[Caption-style text data]

==================================================

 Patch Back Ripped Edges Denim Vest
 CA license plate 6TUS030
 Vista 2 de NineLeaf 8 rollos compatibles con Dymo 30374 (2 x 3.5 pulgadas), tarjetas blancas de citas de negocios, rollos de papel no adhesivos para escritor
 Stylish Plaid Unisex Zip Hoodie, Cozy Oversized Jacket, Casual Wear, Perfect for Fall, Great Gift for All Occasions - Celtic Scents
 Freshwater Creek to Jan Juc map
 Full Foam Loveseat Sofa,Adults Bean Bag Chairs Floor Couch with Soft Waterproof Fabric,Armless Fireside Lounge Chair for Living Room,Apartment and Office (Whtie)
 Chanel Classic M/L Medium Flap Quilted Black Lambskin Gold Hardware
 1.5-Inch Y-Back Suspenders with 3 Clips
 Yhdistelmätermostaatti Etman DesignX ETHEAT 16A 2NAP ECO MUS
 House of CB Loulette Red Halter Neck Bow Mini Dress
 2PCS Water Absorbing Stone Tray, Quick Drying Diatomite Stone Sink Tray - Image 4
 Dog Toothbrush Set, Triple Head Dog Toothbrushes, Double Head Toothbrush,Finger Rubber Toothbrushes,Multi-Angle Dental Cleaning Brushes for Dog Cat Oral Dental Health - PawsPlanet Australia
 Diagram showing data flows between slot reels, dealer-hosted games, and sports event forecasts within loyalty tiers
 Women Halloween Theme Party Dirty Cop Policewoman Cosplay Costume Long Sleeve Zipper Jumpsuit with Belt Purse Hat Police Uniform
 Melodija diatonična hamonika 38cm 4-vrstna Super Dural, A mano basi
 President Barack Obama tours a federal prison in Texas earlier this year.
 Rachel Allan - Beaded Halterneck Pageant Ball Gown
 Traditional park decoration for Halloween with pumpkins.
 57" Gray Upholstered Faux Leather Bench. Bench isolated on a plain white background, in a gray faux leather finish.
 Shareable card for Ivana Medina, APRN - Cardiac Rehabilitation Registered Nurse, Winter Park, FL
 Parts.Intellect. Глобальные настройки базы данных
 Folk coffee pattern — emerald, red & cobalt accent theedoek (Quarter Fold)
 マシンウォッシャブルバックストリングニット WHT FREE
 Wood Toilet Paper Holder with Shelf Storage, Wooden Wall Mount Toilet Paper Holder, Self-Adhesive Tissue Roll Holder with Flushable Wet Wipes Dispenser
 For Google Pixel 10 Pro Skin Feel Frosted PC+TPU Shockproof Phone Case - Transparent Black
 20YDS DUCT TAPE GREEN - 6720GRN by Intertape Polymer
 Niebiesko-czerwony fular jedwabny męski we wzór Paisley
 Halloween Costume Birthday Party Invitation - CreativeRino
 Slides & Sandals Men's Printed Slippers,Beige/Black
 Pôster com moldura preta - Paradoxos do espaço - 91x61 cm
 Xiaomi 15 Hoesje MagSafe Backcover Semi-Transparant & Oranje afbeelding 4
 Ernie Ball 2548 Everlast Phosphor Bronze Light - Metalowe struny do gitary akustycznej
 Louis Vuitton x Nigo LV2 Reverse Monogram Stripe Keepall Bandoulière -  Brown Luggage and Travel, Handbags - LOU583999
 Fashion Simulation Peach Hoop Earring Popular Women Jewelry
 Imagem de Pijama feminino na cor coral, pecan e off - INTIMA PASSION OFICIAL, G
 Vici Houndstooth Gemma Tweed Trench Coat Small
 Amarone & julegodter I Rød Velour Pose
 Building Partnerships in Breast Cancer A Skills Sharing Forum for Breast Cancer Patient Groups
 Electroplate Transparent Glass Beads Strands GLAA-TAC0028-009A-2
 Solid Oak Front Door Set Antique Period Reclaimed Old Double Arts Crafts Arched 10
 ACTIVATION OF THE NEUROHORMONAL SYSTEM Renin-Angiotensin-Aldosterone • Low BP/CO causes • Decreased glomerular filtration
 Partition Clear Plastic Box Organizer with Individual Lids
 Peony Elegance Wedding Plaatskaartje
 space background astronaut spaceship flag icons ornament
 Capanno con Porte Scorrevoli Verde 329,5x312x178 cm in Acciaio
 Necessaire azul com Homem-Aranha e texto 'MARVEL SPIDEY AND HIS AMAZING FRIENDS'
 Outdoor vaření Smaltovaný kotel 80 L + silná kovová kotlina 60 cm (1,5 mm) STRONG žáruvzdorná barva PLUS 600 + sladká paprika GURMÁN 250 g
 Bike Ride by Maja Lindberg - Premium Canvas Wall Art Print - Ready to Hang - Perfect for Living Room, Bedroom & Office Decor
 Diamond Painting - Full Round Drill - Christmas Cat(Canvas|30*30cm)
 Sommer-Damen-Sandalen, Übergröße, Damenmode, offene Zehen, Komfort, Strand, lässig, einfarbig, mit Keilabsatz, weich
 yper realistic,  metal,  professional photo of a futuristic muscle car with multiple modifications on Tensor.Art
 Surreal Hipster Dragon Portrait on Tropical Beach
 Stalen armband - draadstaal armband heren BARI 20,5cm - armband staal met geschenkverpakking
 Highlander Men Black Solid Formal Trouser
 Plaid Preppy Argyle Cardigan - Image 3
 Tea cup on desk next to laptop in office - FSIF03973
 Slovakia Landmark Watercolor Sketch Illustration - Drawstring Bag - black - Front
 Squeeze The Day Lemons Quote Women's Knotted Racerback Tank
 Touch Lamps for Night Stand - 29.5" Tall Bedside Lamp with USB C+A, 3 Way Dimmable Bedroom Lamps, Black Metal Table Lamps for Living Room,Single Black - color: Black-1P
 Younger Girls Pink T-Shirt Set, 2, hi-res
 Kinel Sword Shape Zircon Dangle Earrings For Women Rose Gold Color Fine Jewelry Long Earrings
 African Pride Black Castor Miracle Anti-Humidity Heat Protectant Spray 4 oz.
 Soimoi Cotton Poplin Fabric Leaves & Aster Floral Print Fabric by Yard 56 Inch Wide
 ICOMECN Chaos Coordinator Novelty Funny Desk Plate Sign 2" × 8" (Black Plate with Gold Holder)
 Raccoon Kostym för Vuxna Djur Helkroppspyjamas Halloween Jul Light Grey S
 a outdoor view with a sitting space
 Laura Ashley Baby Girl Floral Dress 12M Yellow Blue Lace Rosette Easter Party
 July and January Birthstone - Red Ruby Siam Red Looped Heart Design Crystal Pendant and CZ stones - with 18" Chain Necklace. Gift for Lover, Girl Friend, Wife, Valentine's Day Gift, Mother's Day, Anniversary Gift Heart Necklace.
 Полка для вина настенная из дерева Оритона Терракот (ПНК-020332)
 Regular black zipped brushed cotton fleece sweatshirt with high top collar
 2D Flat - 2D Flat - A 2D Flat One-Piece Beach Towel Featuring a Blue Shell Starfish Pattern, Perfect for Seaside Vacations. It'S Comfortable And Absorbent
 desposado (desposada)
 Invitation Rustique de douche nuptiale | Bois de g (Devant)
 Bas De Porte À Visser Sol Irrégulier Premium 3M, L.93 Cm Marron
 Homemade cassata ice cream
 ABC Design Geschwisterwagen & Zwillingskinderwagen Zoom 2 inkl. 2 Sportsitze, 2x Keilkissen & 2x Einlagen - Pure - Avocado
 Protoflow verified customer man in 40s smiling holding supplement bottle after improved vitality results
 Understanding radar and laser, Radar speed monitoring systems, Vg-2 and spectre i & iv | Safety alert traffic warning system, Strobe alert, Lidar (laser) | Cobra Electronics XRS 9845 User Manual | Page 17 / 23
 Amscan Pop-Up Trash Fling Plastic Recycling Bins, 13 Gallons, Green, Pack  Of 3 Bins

==================================================

TASK ITEM:
Line by line, reproduce the data above exactly.

TASK RESULT:
 Patch Back Ripped Edges Denim Vest
 CA license plate 6TUS030
 Vista 2 de NineLeaf 8 rollos compatibles con Dymo 30374 (2 x 3.5 pulgadas), tarjetas blancas de citas de negocios, rollos de papel no adhesivos para escritor
 Stylish Plaid Unisex Zip Hoodie, Cozy Oversized Jacket, Casual Wear, Perfect for Fall, Great Gift for All Occasions - Celtic Scents
 Freshwater Creek to Jan Juc map
 Full Foam Loveseat Sofa,Adults Bean Bag Chairs Floor Couch with Soft Waterproof Fabric,Armless Fireside Lounge Chair for Living Room,Apartment and Office (Whtie)
 Chanel Classic M/L Medium Flap Quilted Black Lambskin Gold Hardware
 1.5-Inch Y-Back Suspenders with 3 Clips
 Yhdistelmätermostaatti Etman DesignX ETHEAT 16A 2NAP ECO MUS
 House of CB Loulette Red Halter Neck Bow Mini Dress
 2PCS Water Absorbing Stone Tray, Quick Drying Diatomite Stone Sink Tray - Image 4
 Dog Toothbrush Set, Triple Head Dog Toothbrushes, Double Head Toothbrush,Finger Rubber Toothbrushes,Multi-Angle Dental Cleaning Brushes for Dog Cat Oral Dental Health - PawsPlanet Australia
 Diagram showing data flows between slot reels, dealer-hosted games, and sports event forecasts within loyalty tiers
 Women Halloween Theme Party Dirty Cop Policewoman Cosplay Costume Long Sleeve Zipper Jumpsuit with Belt Purse Hat Police Uniform
 Melodija diatonična hamonika 38cm 4-vrstna Super Dural, A mano basi
 President Barack Obama tours a federal prison in Texas earlier this year.
 Rachel Allan - Beaded Halterneck Pageant Ball Gown
 Traditional park decoration for Halloween with pumpkins.
 57" Gray Upholstered Faux Leather Bench. Bench isolated on a plain white background, in a gray faux leather finish.
 Shareable card for Ivana Medina, APRN - Cardiac Rehabilitation Registered Nurse, Winter Park, FL
 Parts.Intellect. Глобальные настройки базы данных
 Folk coffee pattern — emerald, red & cobalt accent theedoek (Quarter Fold)
 マシンウォッシャブルバックストリングニット WHT FREE
 Wood Toilet Paper Holder with Shelf Storage, Wooden Wall Mount Toilet Paper Holder, Self-Adhesive Tissue Roll Holder with Flushable Wet Wipes Dispenser
 For Google Pixel 10 Pro Skin Feel Frosted PC+TPU Shockproof Phone Case - Transparent Black
 20YDS DUCT TAPE GREEN - 6720GRN by Intertape Polymer
 Niebiesko-czerwony fular jedwabny męski we wzór Paisley
 Halloween Costume Birthday Party Invitation - CreativeRino
 Slides & Sandals Men's Printed Slippers,Beige/Black
 Pôster com moldura preta - Paradoxos do espaço - 91x61 cm
 Xiaomi 15 Hoesje MagSafe Backcover Semi-Transparant & Oranje afbeelding 4
 Ernie Ball 2548 Everlast Phosphor Bronze Light - Metalowe struny do gitary akustycznej
 Louis Vuitton x Nigo LV2 Reverse Monogram Stripe Keepall Bandoulière -  Brown Luggage and Travel, Handbags - LOU583999
 Fashion Simulation Peach Hoop Earring Popular Women Jewelry
 Imagem de Pijama feminino na cor coral, pecan e off - INTIMA PASSION OFICIAL, G
 Vici Houndstooth Gemma Tweed Trench Coat Small
 Amarone & julegodter I Rød Velour Pose
 Building Partnerships in Breast Cancer A Skills Sharing Forum for Breast Cancer Patient Groups
 Electroplate Transparent Glass Beads Strands GLAA-TAC0028-009A-2
 Solid Oak Front Door Set Antique Period Reclaimed Old Double Arts Crafts Arched 10
 ACTIVATION OF THE NEUROHORMONAL SYSTEM Renin-Angiotensin-Aldosterone • Low BP/CO causes • Decreased glomerular filtration
 Partition Clear Plastic Box Organizer with Individual Lids
 Peony Elegance Wedding Plaatskaartje
 space background astronaut spaceship flag icons ornament
 Capanno con Porte Scorrevoli Verde 329,5x312x178 cm in Acciaio
 Necessaire azul com Homem-Aranha e texto 'MARVEL SPIDEY AND HIS AMAZING FRIENDS'
 Outdoor vaření Smaltovaný kotel 80 L + silná kovová kotlina 60 cm (1,5 mm) STRONG žáruvzdorná barva PLUS 600 + sladká paprika GURMÁN 250 g
 Bike Ride by Maja Lindberg - Premium Canvas Wall Art Print - Ready to Hang - Perfect for Living Room, Bedroom & Office Decor
 Diamond Painting - Full Round Drill - Christmas Cat(Canvas|30*30cm)
 Sommer-Damen-Sandalen, Übergröße, Damenmode, offene Zehen, Komfort, Strand, lässig, einfarbig, mit Keilabsatz, weich
 yper realistic,  metal,  professional photo of a futuristic muscle car with multiple modifications on Tensor.Art
 Surreal Hipster Dragon Portrait on Tropical Beach
 Stalen armband - draadstaal armband heren BARI 20,5cm - armband staal met geschenkverpakking
 Highlander Men Black Solid Formal Trouser
 Plaid Preppy Argyle Cardigan - Image 3
 Tea cup on desk next to laptop in office - FSIF03973
 Slovakia Landmark Watercolor Sketch Illustration - Drawstring Bag - black - Front
 Squeeze The Day Lemons Quote Women's Knotted Racerback Tank
 Touch Lamps for Night Stand - 29.5" Tall Bedside Lamp with USB C+A, 3 Way Dimmable Bedroom Lamps, Black Metal Table Lamps for Living Room,Single Black - color: Black-1P
 Younger Girls Pink T-Shirt Set, 2, hi-res
 Kinel Sword Shape Zircon Dangle Earrings For Women Rose Gold Color Fine Jewelry Long Earrings
 African Pride Black Castor Miracle Anti-Humidity Heat Protectant Spray 4 oz.
 Soimoi Cotton Poplin Fabric Leaves & Aster Floral Print Fabric by Yard 56 Inch Wide
 ICOMECN Chaos Coordinator Novelty Funny Desk Plate Sign 2" × 8" (Black Plate with Gold Holder)
 Raccoon Kostym för Vuxna Djur Helkroppspyjamas Halloween Jul Light Grey S
 a outdoor view with a sitting space
 Laura Ashley Baby Girl Floral Dress 12M Yellow Blue Lace Rosette Easter Party
 July and January Birthstone - Red Ruby Siam Red Looped Heart Design Crystal Pendant and CZ stones - with 18" Chain Necklace. Gift for Lover, Girl Friend, Wife, Valentine's Day Gift, Mother's Day, Anniversary Gift Heart Necklace.
 Полка для вина настенная из дерева Оритона Терракот (ПНК-020332)
 Regular black zipped brushed cotton fleece sweatshirt with high top collar
 2D Flat - 2D Flat - A 2D Flat One-Piece Beach Towel Featuring a Blue Shell Starfish Pattern, Perfect for Seaside Vacations. It'S Comfortable And Absorbent
 desposado (desposada)
 Invitation Rustique de douche nuptiale | Bois de g (Devant)
 Bas De Porte À Visser Sol Irrégulier Premium 3M, L.93 Cm Marron
 Homemade cassata ice cream
 ABC Design Geschwisterwagen & Zwillingskinderwagen Zoom 2 inkl. 2 Sportsitze, 2x Keilkissen & 2x Einlagen - Pure - Avocado
 Protoflow verified customer man in 40s smiling holding supplement bottle after improved vitality results
 Understanding radar and laser, Radar speed monitoring systems, Vg-2 and spectre i & iv | Safety alert traffic warning system, Strobe alert, Lidar (laser) | Cobra Electronics XRS 9845 User Manual | Page 17 / 23
 Amscan Pop-Up Trash Fling Plastic Recycling Bins, 13 Gallons, Green, Pack  Of 3 Bins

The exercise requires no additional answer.